■ **YOUR TASK**:
Your task is to transcribe each record exactly and to omit every image.

■ **INFORMATION GIVEN**:
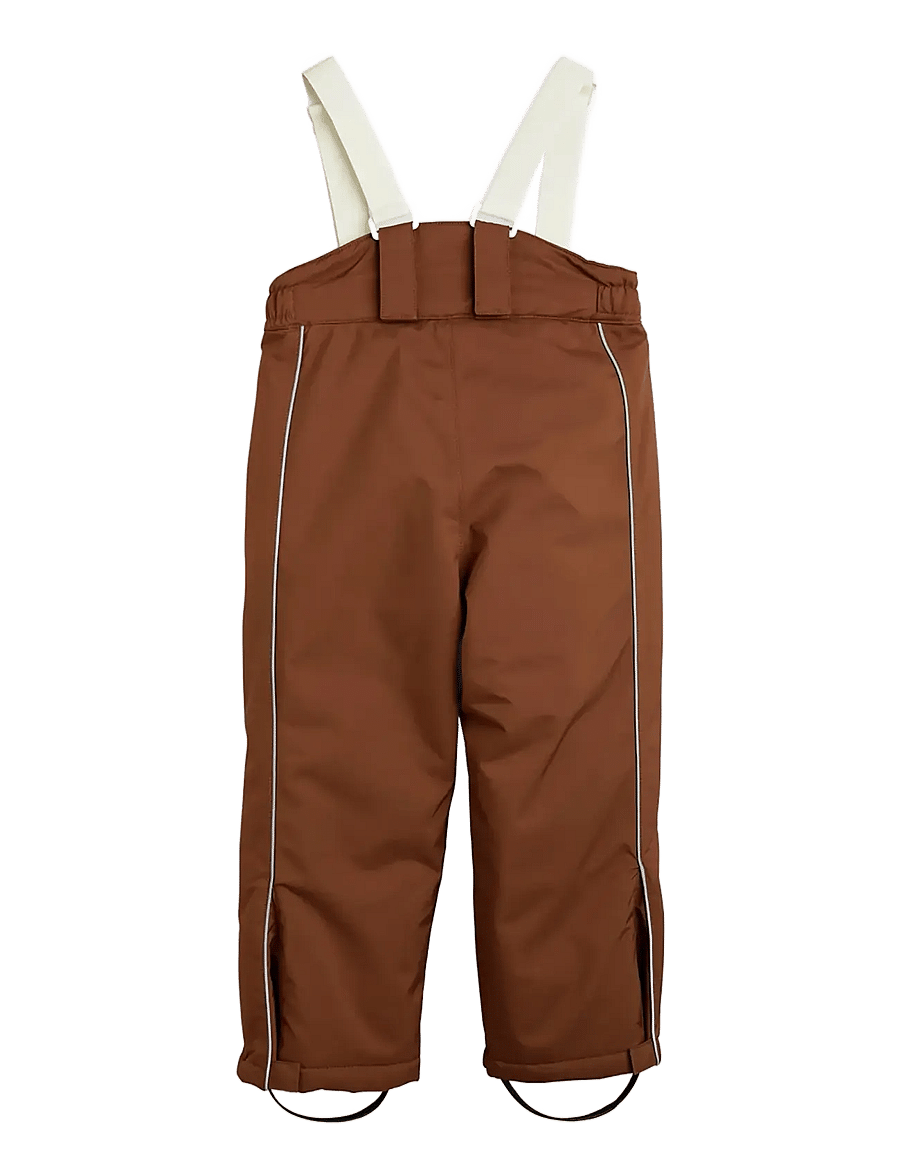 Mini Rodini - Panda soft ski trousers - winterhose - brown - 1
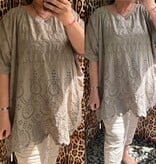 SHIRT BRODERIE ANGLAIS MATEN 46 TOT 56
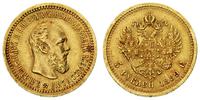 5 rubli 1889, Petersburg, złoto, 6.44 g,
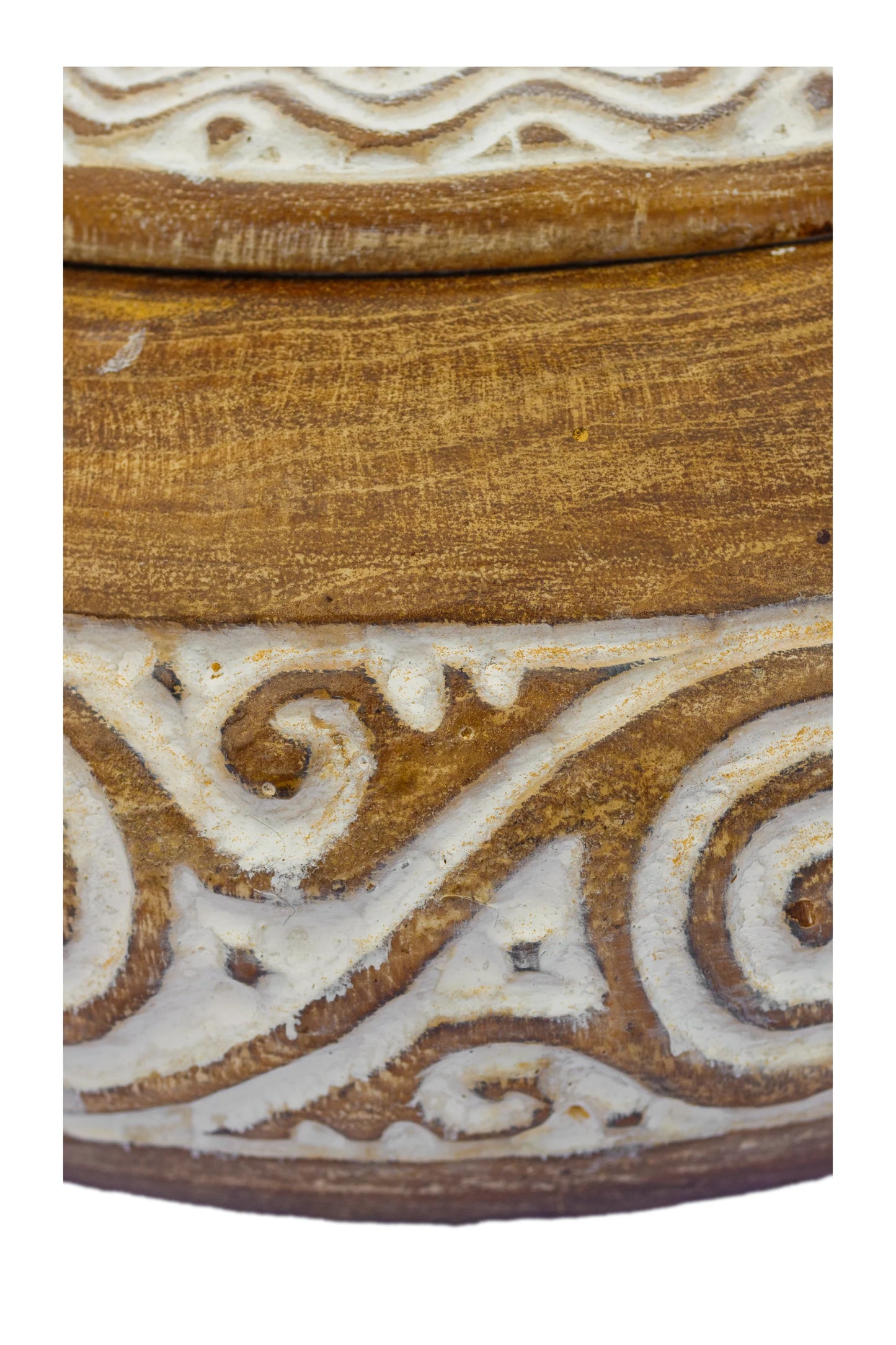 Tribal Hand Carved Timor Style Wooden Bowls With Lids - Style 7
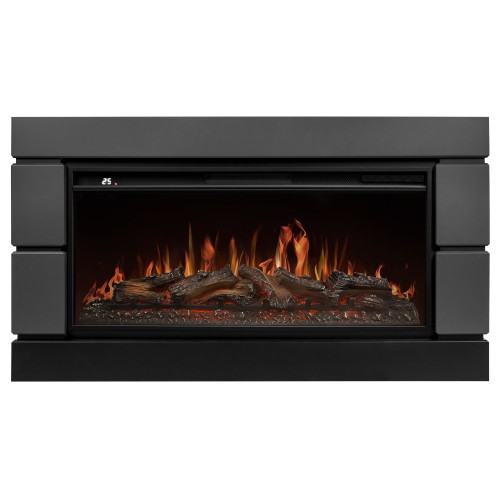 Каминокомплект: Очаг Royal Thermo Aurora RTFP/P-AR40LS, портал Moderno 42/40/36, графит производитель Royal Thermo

■ **WRITTEN SOLUTION**:
 Mini Rodini - Panda soft ski trousers - winterhose - brown - 1
 SHIRT BRODERIE ANGLAIS MATEN 46 TOT 56
 5 rubli 1889, Petersburg, złoto, 6.44 g,
 Tribal Hand Carved Timor Style Wooden Bowls With Lids - Style 7
 Каминокомплект: Очаг Royal Thermo Aurora RTFP/P-AR40LS, портал Moderno 42/40/36, графит производитель Royal Thermo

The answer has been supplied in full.